Prepare a Signed Scan Copy of All Your Documents
After preparing and scanning all the signed copies, you should upload them online as follows:
- Receipt showing payment to CAC
- Memorandum and Articles of Association
- Identification documents for Directors, Subscribers, and the Secretary
- Form CAC1.1
Submit Original Documents
The final step is sharing all the original documents that you scanned in the previous step.

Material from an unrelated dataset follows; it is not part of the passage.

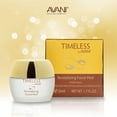 thumbnail image 7 of AVANI Dead Sea Cosmetics Revitalizing Facial Peel, 2 pk., 7 of 8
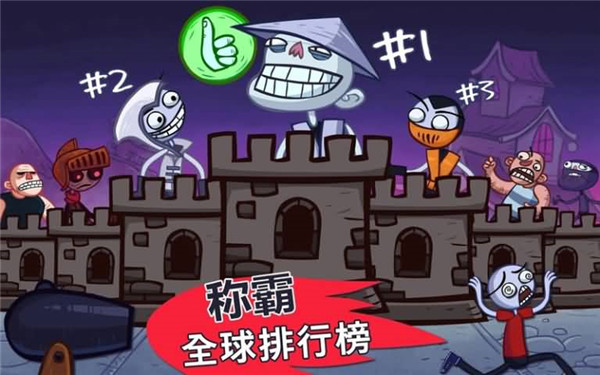 史上最贱的小游戏官方版(Troll Face Quest)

The Nigerian government is known for its quest to woo and welcome both local and foreign investors in the market in its hope to create more employment opportunities for its ever-bulging young population.
At present, Nigeria is known to have one of the fastest-growing economies in the region and one of the continent’s highest GNP. Having one of Africa’s largest populations and the 3rd largest manufacturing sector, Nigeria has plenty to offer to potential investors. A youthful labour force that offers both skilled and unskilled labour is in plenty.
Aside from its economic and business side, the African country has a rich culture. Its Naija music is played and enjoyed globally, promising foreign investors a good time after work.